Exercise aim:
When you transcribe the data below, reproduce every line exactly and leave each picture out.

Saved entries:
---

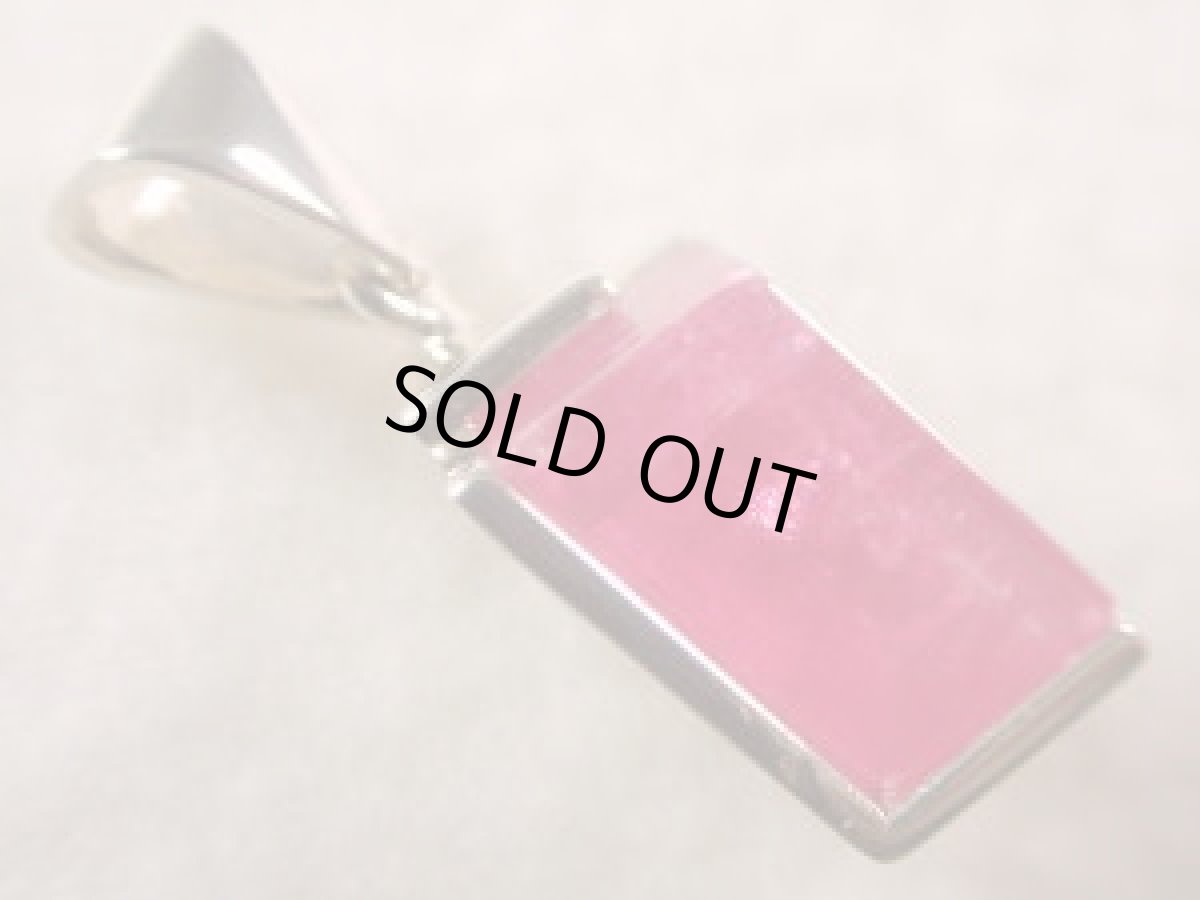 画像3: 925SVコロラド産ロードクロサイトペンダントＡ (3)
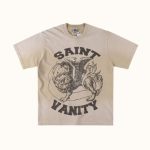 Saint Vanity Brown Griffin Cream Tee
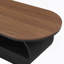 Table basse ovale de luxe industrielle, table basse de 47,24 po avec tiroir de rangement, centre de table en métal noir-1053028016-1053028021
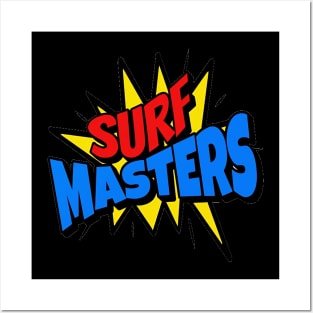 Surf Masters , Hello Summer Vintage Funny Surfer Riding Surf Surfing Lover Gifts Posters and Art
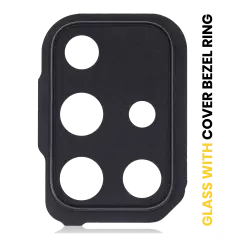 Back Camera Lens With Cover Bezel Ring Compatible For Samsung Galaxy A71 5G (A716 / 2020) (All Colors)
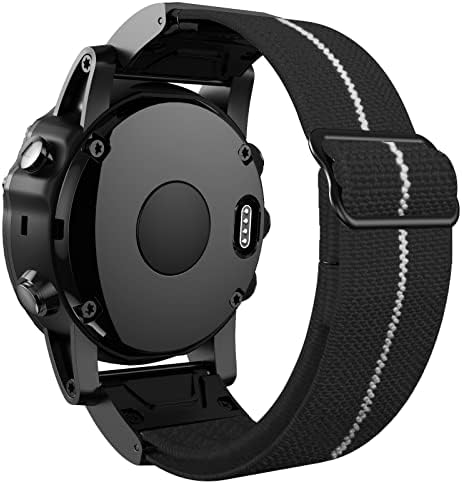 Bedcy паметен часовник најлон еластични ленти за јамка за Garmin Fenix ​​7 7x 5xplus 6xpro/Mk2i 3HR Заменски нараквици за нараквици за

---

Answer to the exercise:
 画像3: 925SVコロラド産ロードクロサイトペンダントＡ (3)
 Saint Vanity Brown Griffin Cream Tee
 Table basse ovale de luxe industrielle, table basse de 47,24 po avec tiroir de rangement, centre de table en métal noir-1053028016-1053028021
 Surf Masters , Hello Summer Vintage Funny Surfer Riding Surf Surfing Lover Gifts Posters and Art
 Back Camera Lens With Cover Bezel Ring Compatible For Samsung Galaxy A71 5G (A716 / 2020) (All Colors)
 Bedcy паметен часовник најлон еластични ленти за јамка за Garmin Fenix ​​7 7x 5xplus 6xpro/Mk2i 3HR Заменски нараквици за нараквици за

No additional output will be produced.